In this part of the meeting, the classroom teacher’s professional identity as equal, powerful, discretionary competent, is part of a sensemaking process that may be characterized as a positioning-process and a social struggle of power. The principal uses discursive power-formation by constraining the content of the meeting and discursively enacting the purpose of the meeting as not being between socially and equally professional partners. In the discursive power-formation, he uses rhetorical strategies like silence (line 10), a demand for explication (line 7), and an ironical tone of voice (line 9). He also enacts an evaluation (line 7) of the discretionary competencies of the classroom teacher, with respect to her enactment of a position with power to initiate a meeting and define the organizational future. In this process, the classroom teacher goes from holding a subject position that gives her a professional identity as powerful and equal to the principal, to a professional identity being less powerful and unequal. As a sensemaking process in the pre-entry of the meeting before the formal meeting begins, this may be understood as a primary identification of what subject positions will be available for the participants in the discursive order of this type of meeting. Summing up, this is not a sensemaking process between equal subject positions constituted in the form of participatory sociality. Rather, it is a meeting constituted in a discursive order of negotiation or a battle between unequal participants.
The meeting has now been in progress for approximately 20 minutes.
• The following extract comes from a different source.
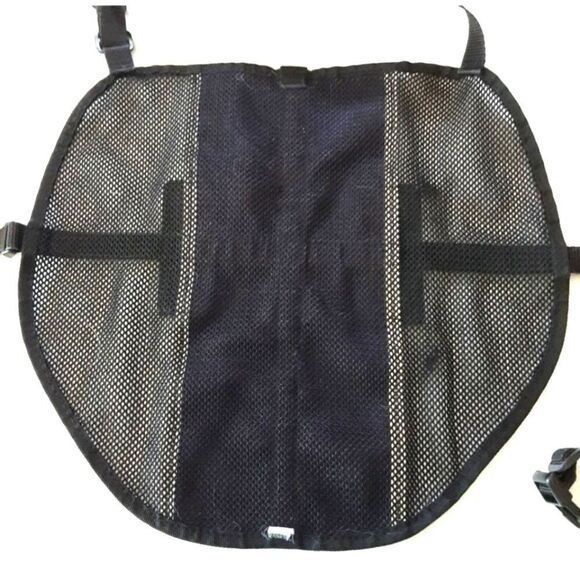 DOGLINE Service Dog Vest Fits 35 - 60 Lbs - Picture 5 of 11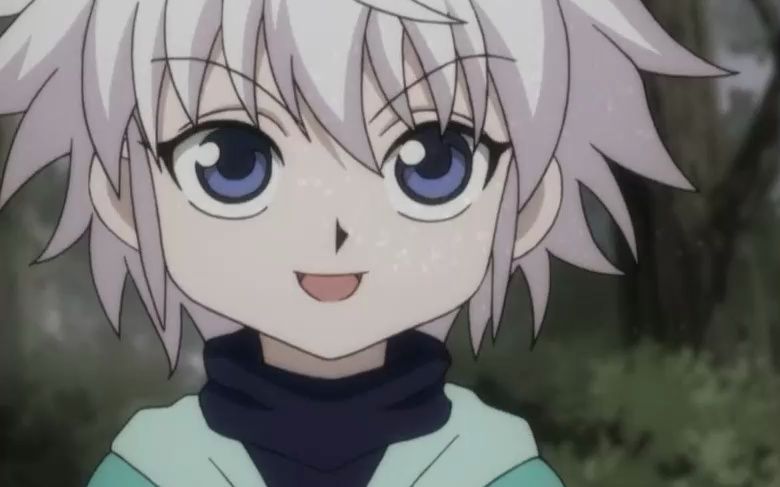 速看全职猎人 奇犽最初的朋友 揍敌客家族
The following presents an exemplary negotiated sensemaking regarding the hegemonic understanding of the extent of the pedagogical problem under discussion. It is one of several accounts of the understanding of reality, enacted and selected by the principal and negotiated in sensemaking processes between the principal, the classroom teacher and her colleagues and the coordinator of the resource center. At this point in the meeting, the principal and the classroom teacher are contributing, whereas the coordinator of the resource center and the other teachers are silently observing.
Data excerpt B: Negotiating the hegemonic problem-understanding
118. P: Yes. Then we must meet again in some time to see if there is an effect on this, because you can say it can be part of it, but we have to find out, now when we mentioned Christopher, but eh, it was just because I was curious about this one thing that is sort of given not to be included here at the school, which is not so good, but in reality I think that maybe it, a lot of it will be solved if we could fix, and I am very much aware of, that we don’t fix, eh the challenges of Simon and Mike, because as I just read through this, then this is more ordinary, this is more ordinary things
119. CT: Yes
120. P: Like in any class also to defuse the dramatization that you should have 11 children with specific needs we do not have that here!
121. CT: Yes yes, but then we just haven’t got the time, that we really should have had
122. P. Yes, this is what I mean, we don’t have 11 children with specific needs. We have two maybe three, definitely two, Simon and Mike
123. CT: They are really damn complicated (speaks with a low tone)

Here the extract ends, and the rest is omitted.